El Monasterio de La Santa Espina (IV) y la Peste Liberal
La revolucionaria diosa razón pisa el crucifijo: el Liberalismo queda así perfectamente retratado.
El Monasterio de Santa María de La Santa Espina fue fundado por la infanta Sancha Raimúndez, hermana del rey Alfonso VII de León, en 1147. Está situado en el lugar de un antiguo monasterio benedictino dedicado a San Pedro. De acuerdo con la tradición, al frente de los primeros monjes que habitaron el monasterio estuvo Nivardo de Claraval, hermano de Bernardo de Claraval.
La construcción del edificio fue muy lenta y se extendió entre el siglo XIII y el siglo XVI, aunque el claustro fue reconstruido en el siglo XVII. En 1731 sufrió un incendio que destruyó la biblioteca y gran parte del edificio.

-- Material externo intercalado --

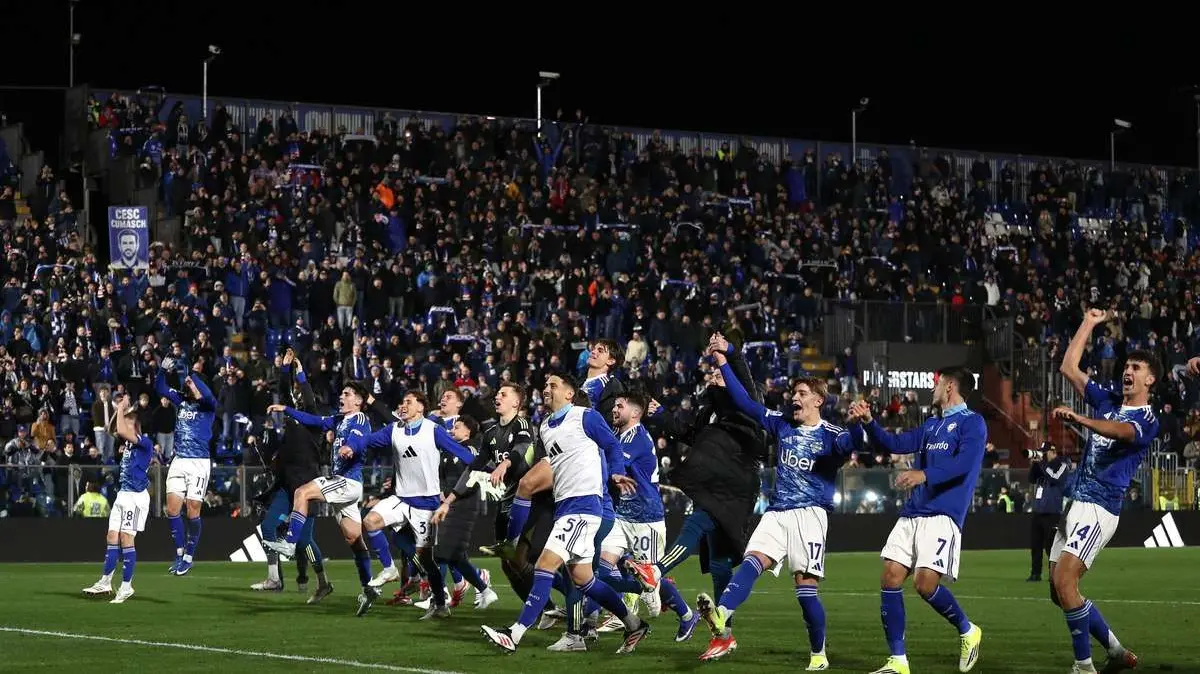 Prospek Kepelatihan Fabregas Mengemuka: Arsenal, Barca, dan Chelsea dalam Radar Masa Depan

El monasterio fue cerrado durante el Trienio Liberal (1820-1823) debido a la supresión de las órdenes monásticas por la Ley sobre monasterios y conventos de 25 de octubre de 1820.
Ley sobre monasterios y conventos de 25 de octubre de 1820. Gazeta del Gobierno núm. 123, de 29 de octubre de 1820, página 544.
Fue suprimido definitivamente por los decretos de exclaustración de 1835. La iglesia continuó abierta al culto durante varios años.
Real Decreto de 25 de julio de 1835 suprimiendo los monasterios y conventos de religiosos que no tengan 12 individuos profesos, de los cuales las dos terceras partes a lo menos sean de coro. Gaceta de Madrid núm. 211, de 29 de julio de 1835, páginas 841 a 842.
Real Decreto de 11 de octubre de 1835 suprimiendo los monacales. Gaceta de Madrid núm. 292, de 14 de octubre de 1835, página 1157.
¿Queda claro por qué el Liberalismo es pecado? ¿Queda suficientemente claro que el Liberalismo es una ideología enemiga de Dios y de su Santa Iglesia?
Los primeros que comenzaron la persecución de la Iglesia fueron los liberales en el siglo XIX. Robaron los bienes de la Iglesia, exclaustraron a lo religiosos de los monasterios, dejándolos en la calle y en mucho casos, en la indigencia. Había que apartar al pueblo de Dios a toda costa. Había que quitar a Cristo del centro de los corazones de los españoles y del centro de la sociedad española. Había que arrancar las raíces cristianas de España fuera como fuera. Y a ello contribuyeron decisivamente las sociedades secretas, como la masonería.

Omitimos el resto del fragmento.